Records from a data collection
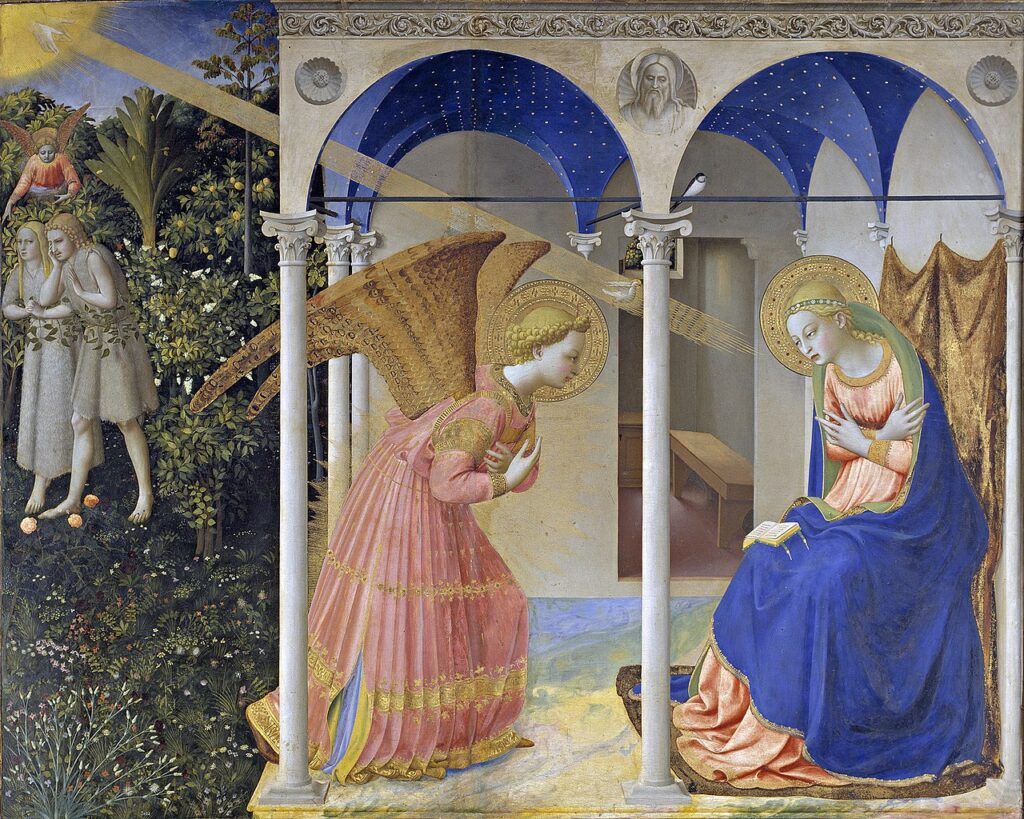 フラ・アンジェリコによる「受胎告知」を表す3点の祭壇画の1つであり、板上にテンペラと金で描いた。あとの2つはコルトーナの受胎告知、サン・ジョヴァンニ・ヴァルダルノの受胎告知。1425-28ごろの作品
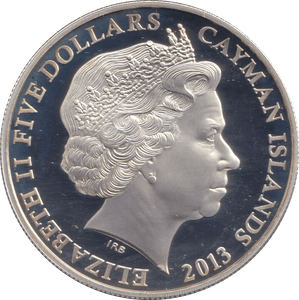 2013 SILVER PROOF 5 DOLLAR CAYMAN ISLANDS - SILVER WORLD COINS - Cambridgeshire Coins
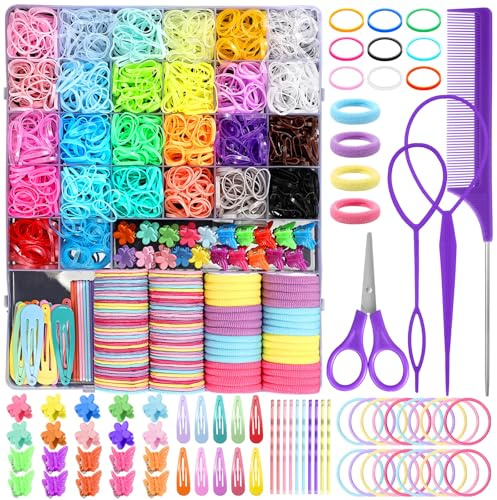 Auroray Hair Accessories for Girls, 2194 Pcs Colorful Elastic Hair Ties Set with Rubber Bands Butterfly Hair Clips Bobby Pins Hair Styling Tools Hair Tie Cutter Hair Stuff for Toddler, Baby, Kids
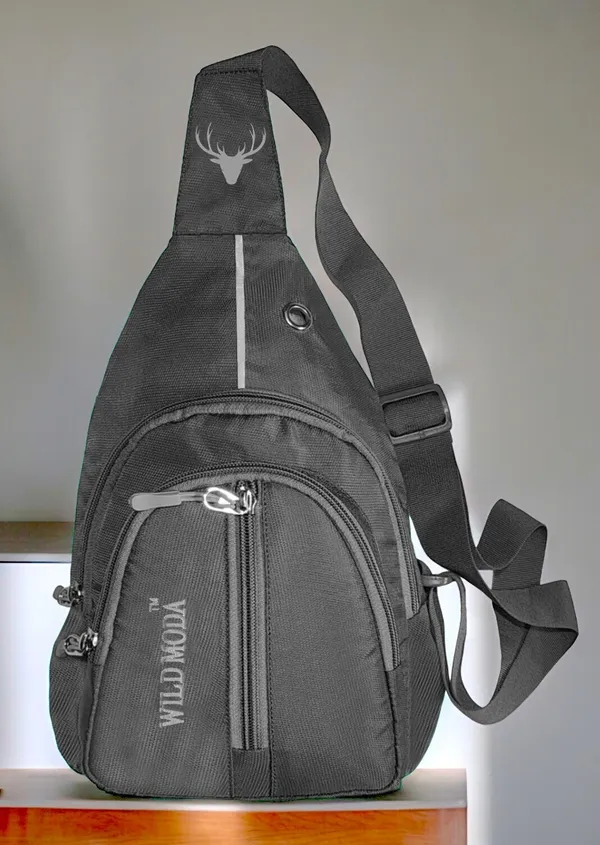Grey_Polyester_Non-Detachable_Strap_Zipper_Closure_Crossbody_Backpack_For_Men_&_Women_(30_X_22_Cm)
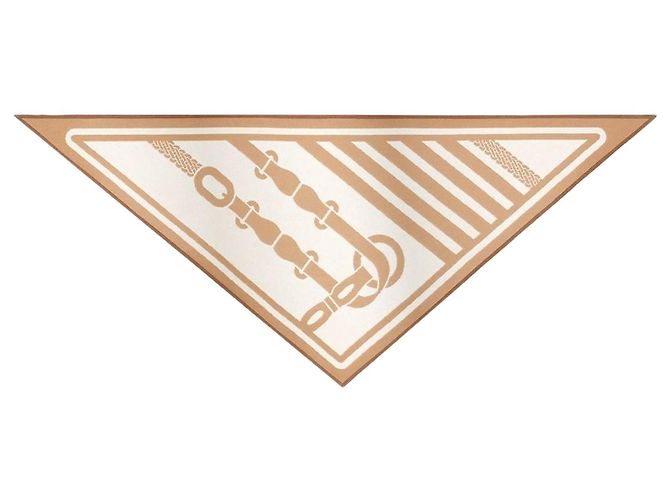 Hermès Cachecol triangular de dupla face Laranja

Task to complete – Restate the records above word for word. Skip every picture.

Your response –
 フラ・アンジェリコによる「受胎告知」を表す3点の祭壇画の1つであり、板上にテンペラと金で描いた。あとの2つはコルトーナの受胎告知、サン・ジョヴァンニ・ヴァルダルノの受胎告知。1425-28ごろの作品
 2013 SILVER PROOF 5 DOLLAR CAYMAN ISLANDS - SILVER WORLD COINS - Cambridgeshire Coins
 Auroray Hair Accessories for Girls, 2194 Pcs Colorful Elastic Hair Ties Set with Rubber Bands Butterfly Hair Clips Bobby Pins Hair Styling Tools Hair Tie Cutter Hair Stuff for Toddler, Baby, Kids
Grey_Polyester_Non-Detachable_Strap_Zipper_Closure_Crossbody_Backpack_For_Men_&_Women_(30_X_22_Cm)
 Hermès Cachecol triangular de dupla face Laranja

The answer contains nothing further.